12. The petitioners then urged that the Debt Relief Court erred in coming to a conclusion that only Rs. 55.15 were due from the respondents. The argument now referred to certain factual statements in the calculations with reference to their account-books. The argument is now directed against the assessment of evidence and the factual conclusions arrived at by the Debt Relief Court. It has been pointed out by the Supreme Court in T. C. Basappa v. T. Nagappa, AIR 1954 SC 440 as under :--
'The second essential feature of a writ of certiorari is that the control which is exercised through it over judicial or quasi judicial tribunals or bodies is not in an appellate but supervisory capacity. In granting a writ of certiorari the superior Court does not review or reweigh the evidence upon which the determination of a inferior tribunal purports to be based. It demolishes the order which it considers to be without jurisdiction or palpably erroneous but does not substitute its own views, for those of the inferior tribunal. The offending order or proceeding so to say is put out of the way as one which should not be used to the detriment of any person vide per Lord Cairns in Walsall's Overseers v. L. & N. W. Rly. Co. (1879) 4 AC 30 at P. 39).'
13. It is manifest that in proceedings under Article 226 the High Court does not sit as a Court of Appeal and unless the mistake is obvious and patent it would generally refuse to interfere with the findings arrived at by a Court who had jurisdiction to deal with the matter. In the scheme of the present Act the decision of the Debt Relief Court has been made final subject to its being revised under Section 22 by the Collector on the ground that it is contrary to law or that the Court had exercised jurisdiction not vested in it by law or has failed to exercise jurisdiction vested in it by law or that the instalments fixed under Sub-section (4) of Section 15 were inequitable.
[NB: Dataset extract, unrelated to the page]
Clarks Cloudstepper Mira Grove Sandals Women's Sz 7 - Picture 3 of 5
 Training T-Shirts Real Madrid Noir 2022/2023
It is in the scheme of the Act that the determination of facts should rest finally with the Debt Relief Court-We would, therefore not re-appraise the evidence in the case in detail and we are satisfied that the findings of the Debt Relief Court are generally correct.
14. In the result, we find that there is no substance in the writ petition and the same is dismissed with costs. The balance of the security deposit, if any, shall be refunded to the applicants.